_WORK INSTRUCTION:_ Restate, word for word, the run of lines that starts at the line containing "New construction Single-Family" and ends with the final line of the listing. Leave pictures out.

_SUPPLIED INFORMATION:_
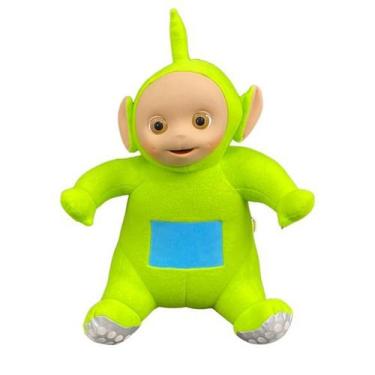 Imagem de 4 Boneco Teletubbies Da Estrela Original 50cm Pelúcia - Pecks
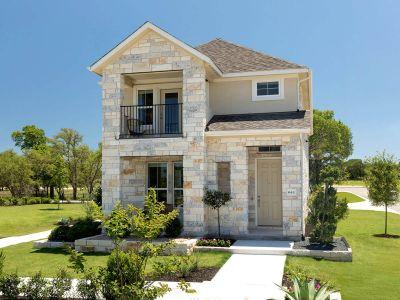 New construction Single-Family house 644 Lone Peak Way, Dripping Springs, TX 78620 - photo 0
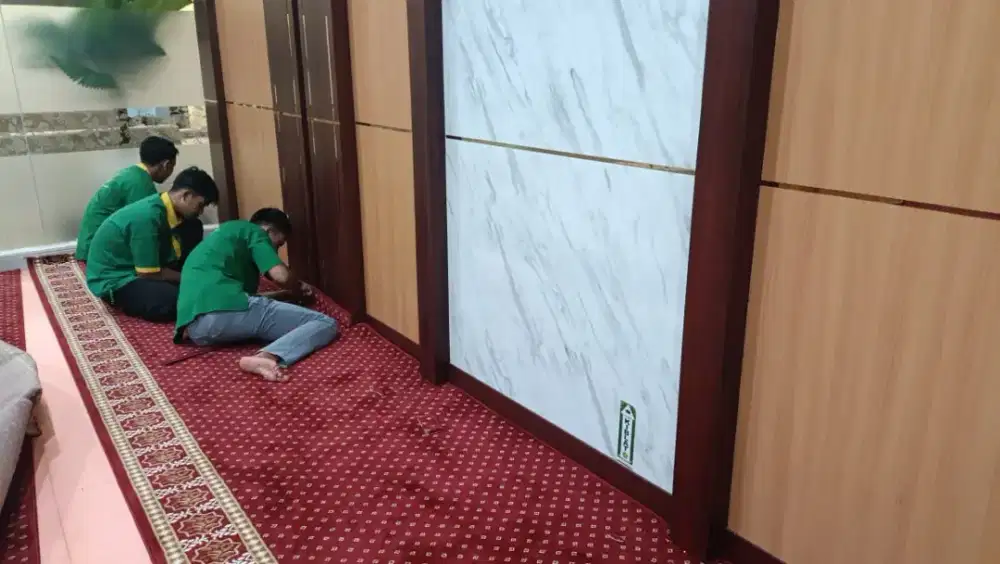 Jual karpet masjid tebal murah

_RESPONSE TO THE EXERCISE:_
 New construction Single-Family house 644 Lone Peak Way, Dripping Springs, TX 78620 - photo 0
 Jual karpet masjid tebal murah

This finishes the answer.